For as long as historians have been writing about sports, athletes have attempted to enhance their performance using drugs and dietary supplements. The use of performance-enhancing substances is widespread among youth. Attributes of adolescents make them particularly prone to use performance-enhancing or ergogenic substances; they are struggling with issues of self-worth, sexual identity, and mastery, while at the same time are beginning to develop goal-directedness (ie, the appreciation for the future consequences of one's present actions). To assist youth in decision making about these substances, the practitioner should have some factual knowledge. Whether increased knowledge alone can dissuade a youngster from using a potentially harmful substance is debatable (1). A survey conducted many years ago asked young Olympic hopefuls if they would take a substance that would guarantee success even if they knew it would kill them in a year; most said yes.
An article in Scientific American written by Hoberman and Yesalis in 1995 chronicled the history of synthetic testosterone (2). On June 1, 1889, Dr Charles Edouard Brown-Sequard, at age 72 years, reported to his medical colleagues that he had experienced increased strength and energy by self-injecting with testicle extract from dogs. Over the next few decades, androgen-laden animal extracts underwent considerable experimentation. In the first half of the 20th century, natural and synthetic androgens were used to treat various conditions including senility, asthma, epilepsy, tuberculosis, menopause, and homosexuality. In the 1930s, pharmaceutical companies, seeing a potential boon, raced to formulate effective synthetic testosterone. The race was won by two chemists employed by Ciba, L. Ruzicka and A. Wettstein, who first patented a process for synthesizing testosterone.
By 1941, research was under way to study the effects of testosterone on muscle work. It has been speculated that in the late 1930s, the Nazis, under direct orders from Adolf Hitler, began administering testosterone to elite troops and infantry as well to increase aggressiveness. The use of testosterone in sports was not fully appreciated until the 1954 Olympics, at which use of testosterone by athletes was thought to be widespread (3).
Until recently, much of the scientific data on the effects of testosterone on athletic performance was largely anecdotal. Because of the known serious side effects (discussed below) of exogenous anabolic steroids, few prospective, randomized, placebo-controlled trials with healthy athletes from which to draw conclusions have been conducted.
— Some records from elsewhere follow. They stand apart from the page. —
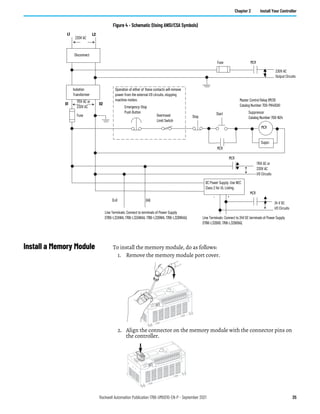 Rockwell Automation Publication 1766-UM001O-EN-P - September 2021 25
Chapter 2 Install Your Controller
Figure 4 - Schematic (Using ANSI/CSA Symbols)
Install a Memory Module To install the memory module, do as follows:
1. Remove the memory module port cover.
2. Align the connector on the memory module with the connector pins on
the controller.
Emergency-Stop
Push Button
230V AC
Operation of either of these contacts will remove
power from the external I/O circuits, stopping
machine motion.
Fuse MCR
Fuse
MCR
MCR
MCR
Stop
Start
Line Terminals: Connect to terminals of Power Supply
(1766-L32AWA, 1766-L32AWAA, 1766-L32BWA, 1766-L32BWAA). Line Terminals: Connect to 24V DC terminals of Power Supply
(1766-L32BXB, 1766-L32BXBA).
230V AC
Output Circuits
Disconnect
Isolation
Transformer
115V AC or
230V AC
I/O Circuits
L1 L2
Master Control Relay (MCR)
Catalog Number 700-PK400A1
Suppressor
Catalog Number 700-N24
(Lo) (Hi)
DC Power Supply. Use NEC
Class 2 for UL Listing.
X1 X2
115V AC or
230V AC
_ +
MCR
24 V DC
I/O Circuits
Suppr.
Overtravel
Limit Switch
Module
Memory
 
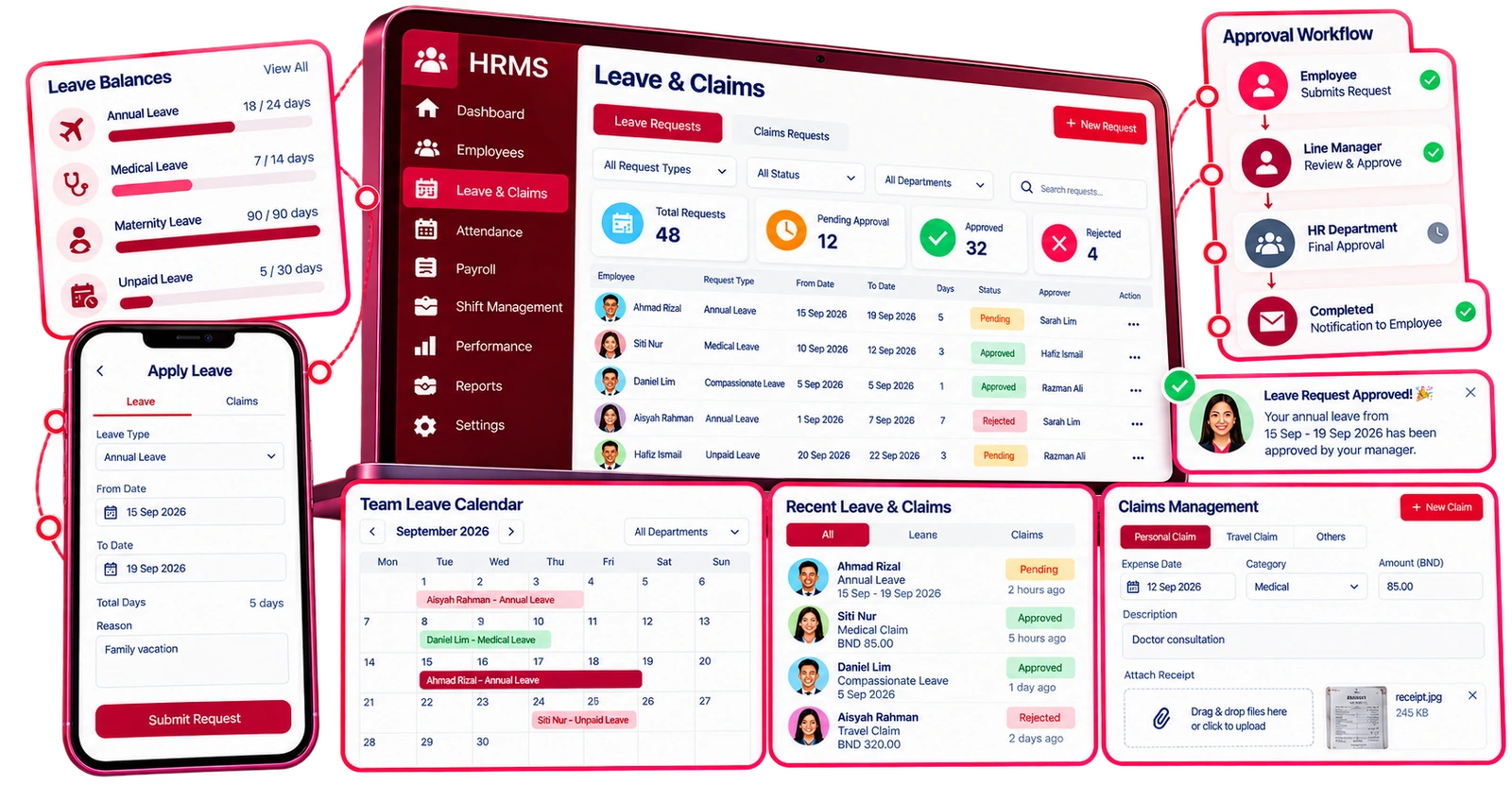Leave & Claims Management screen in the HRMS module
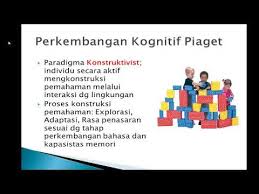 Teori kognitif dalam pembelajaran matematika menurut jean piaget bahwa proses berpikir bertahap dari intelektual konkrit ke abstrak berurutan melalui 4 menurut jahidin (2013) teori kognitif adalah teori yang mengatakan bahwa belajar adalah suatu proses perubahan persepsi dan pemahaman. 3 2 Teori Kognitif Piaget Dan Vigotsky Youtube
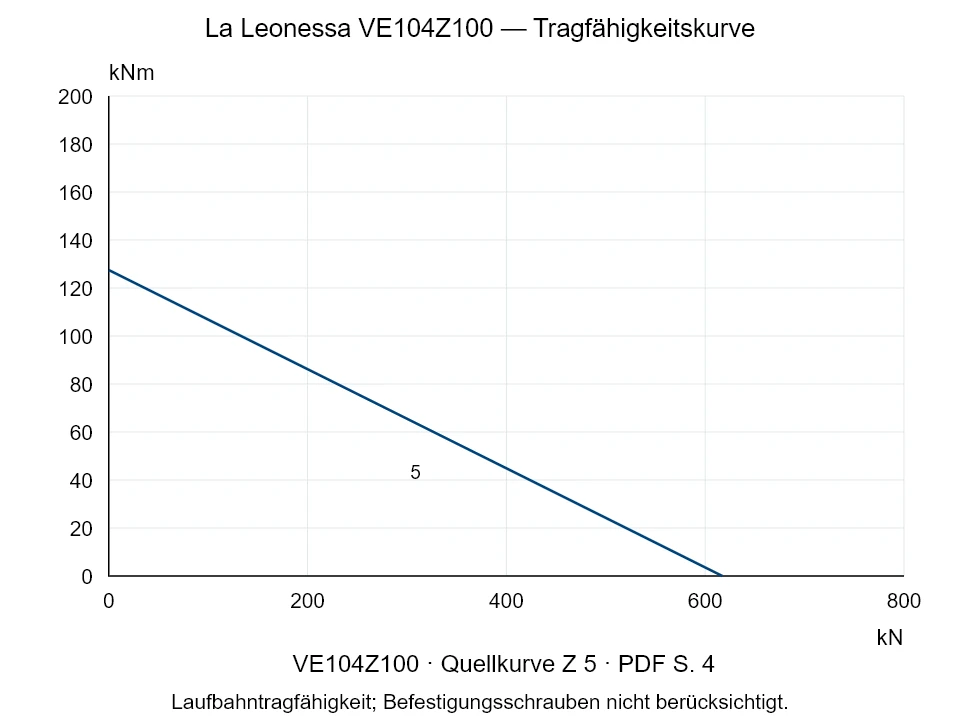 La Leonessa VE104Z100 — Tragfähigkeitskurve Z-5; Axiale Druckkraft [kN] / Kippmoment [kNm] · Originalskala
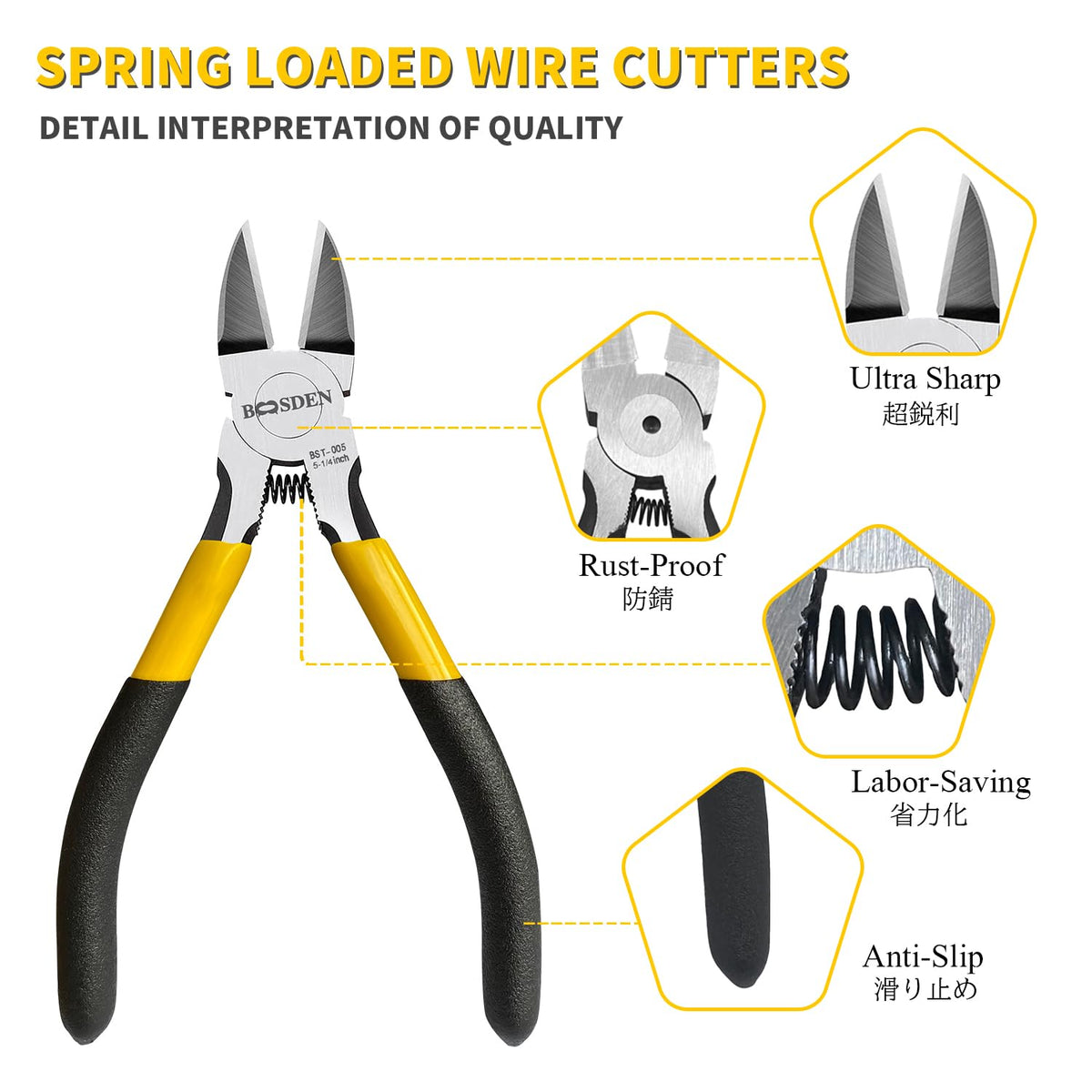 BOOSDEN ergonomic rubber-handle cutters reduce hand fatigue during crafting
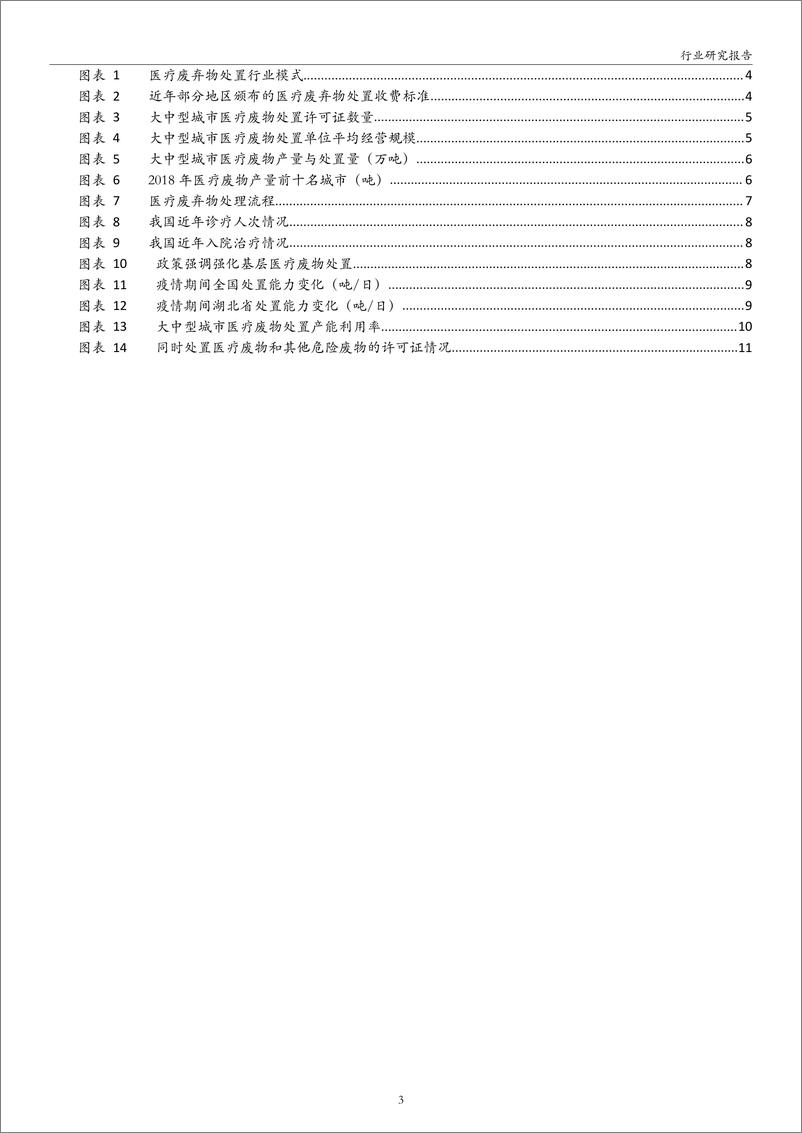 《医疗废物处置行业分析：政策要求强化，处置需求提升-20200330-万和证券-14页》 - 第4页预览图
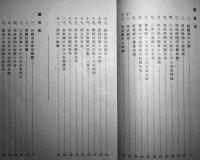 形態盤成績の民族的相違　飯沼龍遠著　台北帝国大学哲学科研究年報抜刷　昭和12年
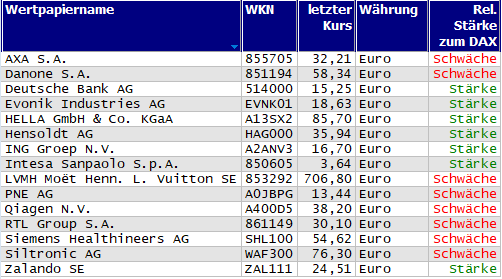 Wertpapiere mit Outside-Days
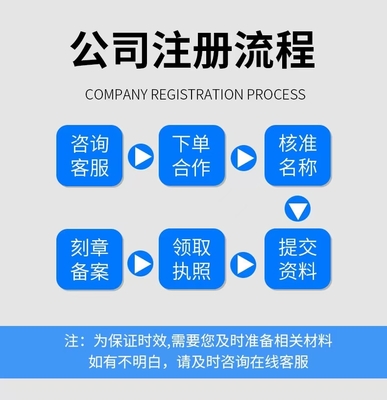 公司注冊代辦機(jī)構(gòu)-江漢區(qū)注冊公司-江漢區(qū)代理記賬公司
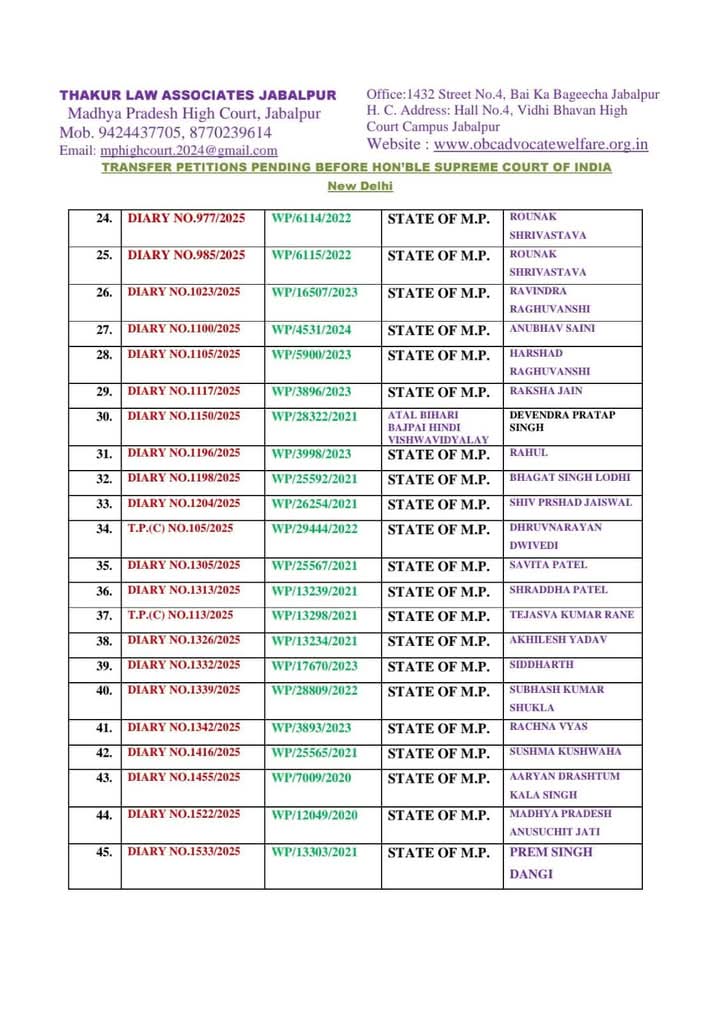 ObcMahasabha_'s tweet photo. हाईकोर्ट जबलपुर में विचाराधीन ओबीसी आरक्षण के प्रकरणों को सुप्रीम कोर्ट में मध्यप्रदेश सरकार द्वारा दायर ट्रांसफर याचिकाओं की लिस्ट! https://t.co/b2vY3n2TSi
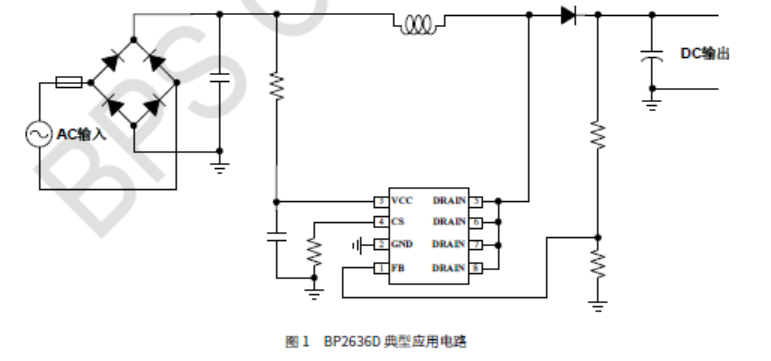 尊龙凯时官网(中国区)官方入口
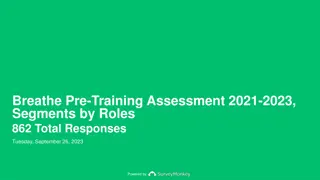 Breathe Pre-Training Assessment 2021-2023: Insights and Preparedness Levels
However, the anecdotal evidence regarding their desired and undesirable effects is convincing (1,2,4,5). Administration of exogenous anabolic steroids is known to increase muscle strength, muscle bulk, running power, and speed. Aggressiveness is increased, also. A recent study has verified that it can increase recovery from strenuous exercise, enabling the athlete to endure a greater amount and intensity of training (6).
Legitimate medical indications for using steroids include hypoandrogenism (eg, absent testicles), delayed puberty, micropenis, hereditary angioneurotic edema, some androgen-sensitive cancers, and muscle wasting associated with human immunodeficiency virus (2,7). The side effects of endogenous steroids are well known from both medical and anecdotal reports (1-5,7-9). These side effects are summarized in the Table . Unfortunately, some of these effects are not reversible with discontinuation of the hormone. In women, these permanent effects include hirsutism, deepening of the voice, and clitoromegaly. In men, the testicular atrophy and gynecomastia are often irreversible.
Steroid users usually use quantities of steroids on the order of 10 to 100 times that used for legitimate medical indications, despite the fact that androgen receptors are saturated at much lower doses (10). They often use both injectable and oral steroids, a practice known as "stacking." Another common practice is to cycle on and off the substances in an attempt to avoid unwanted side effects, a practice that is probably not effective. Another reason to "cycle-off" the steroids (otherwise known as a "holiday") is to avoid detection in settings where drug testing occurs predictably. During an "on" cycle, users often follow a pyramidal dosing scheme, starting with low doses, building up, and then tapering.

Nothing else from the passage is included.